Most of Burtynsky’s work is done before he snaps the shutter. In advance of each trip, he carries out extensive research, reading everything from novels set in the area to government reports. “For six months before going to the shipyards,” he says, “I was thinking about how to approach it, trying to find a time of year when the atmospherics would be good, where it wouldn’t be pouring rain or 50 degrees Celsius. . . . I arranged for a fellow to hire a boat and run along the whole shore and photograph every ship that was being dismantled. I asked him to make me a map and draw a line where the sun comes up and goes down, so I would know where the ships were and how the sun was going to play on them. We also charted out the tides.” Once at the site, Burtynsky clearly takes a lot of time to frame it in the large-format viewfinder camera he totes with him, and it is through this activity of composition that he effects the alchemical conversion of a toxic and often dangerous vista into one of sublimity. Back in the darkroom he does not significantly alter the outcome in any way. “What you see,” he says, “is what there was.” Burtynsky insists he’s not “celebrating or condemning” anything. However, his choice of subject matter and its revelatory power lead to obvious conclusions, and, after seeing this work, it’s nearly impossible to view one’s Subaru, Radio Shock alarm clock or beloved iPod as anything but future landfill.

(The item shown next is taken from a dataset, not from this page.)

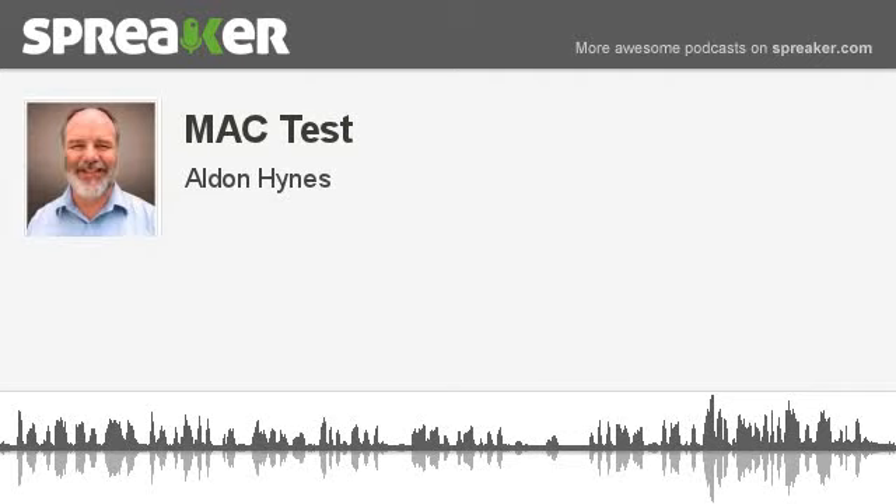So far, I've been less than impressed with the Spreaker. I've tried two tests of it on my Android phone, neither of which seem to have taken. So now I'm trying a test from the Mac to see if that will work. I'll keep testing.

Manufactured Landscapes: The Photographs of Edward Burtynsky” opened at the Cable Factory, Helsinki [Sept, 29-Oct. 15, 2003], and traveled to the Art Gallery of Ontario, Toronto [Jan. 24-Apr. 4, 2004]; the Musée d’art contemporain de Montréal [Oct 8, 2004-Jan. 9, 2005]; the Museum of Photographic Arts, San Diego [Mar. 20-June 5, 2005]; the Cantor Center for Visual Art, Stanford [June 29-Sept. 18, 2005]; and the Brooklyn Museum [Oct. 7, 2005-Jan. 15, 2006]. “Edward Burtynsky: China” appeared at the Robert Koch Gallery, San Francisco [Sept. 15-Oct. 29, 2005], and the Charles Cowles Gallery, New York [Oct. 6-Nov. 5, 2005]. “Edward Burtynsky: The China Series” debuted at the Southeastern Center for Contemporary Art, Winston-Salem, N.C. [Oct. 22, 2005-Jan. 8, 2006], and will travel to the Boca Raton Museum of Art [Apr. 12-June 18, 2006]; the Presentation House Gallery, Vancouver [Sept. 16-Nov. 5, 2006]; the Tufts University Art Gallery, Medford, Mass. [Jan. 15-Mar. 31, 2007]; the Samek Art Gallery at Bucknell University, Lewsburg, Pa. [Aug. 17-Oct. 7, 2007]; and the Jordan Schnitzer Museum of Art at the University of Oregon, Eugene [Jan. 15-Apr. 30, 2008].